Work is currently being done on Third Street, Fourth Street, 10th Street, 11th Street and Almaden Boulevard -- all expected to be completed by mid to late July.
Some roads will have traditional bike lanes. Others will have additional room via painted buffer zones, and one stretch of Fourth Street will be physically separated from traffic by a 4-inch-high rubberized barrier where it runs alongside San Jose State University.
Existing traffic lanes on most of the affected arteries are being reduced to two lanes instead of three as part of a long-term plan to encourage people to get around without a car, Quirion said.
"Initially we may see some traffic impacts, but we hope it will be alleviated over time," he said. "Hopefully people will make a shift to alternative transportation."

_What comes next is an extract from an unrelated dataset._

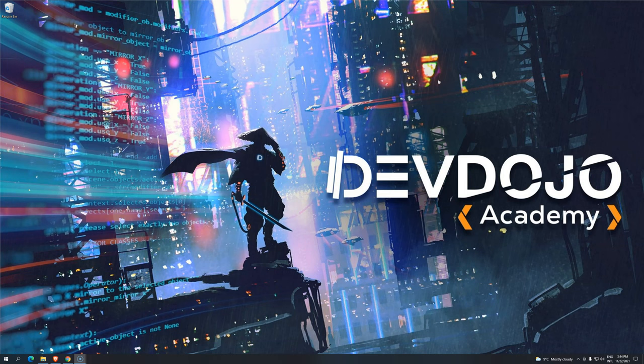Hi everyone, welcome back to DevDojo Academy and welcome back to Introduction to Programming using Java. Now we are going to do something that's going to make your life pretty easy when developing with Java. That is installing what we call IDE, Integrated Development Environment.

"It makes it stand out, highlights it and notifies drivers that the bike lane is there," Quirion said.
The city also is partnering with the Bay Area Air Quality Management District to set up 20 bike share stations throughout downtown, where public bikes can be checked out with a credit card and returned to a different location.
Quirion said similar programs are proving popular in New York City, Washington, D.C., and a few locations in Miami.
San Jose's bike share program will begin in September, Quirion said.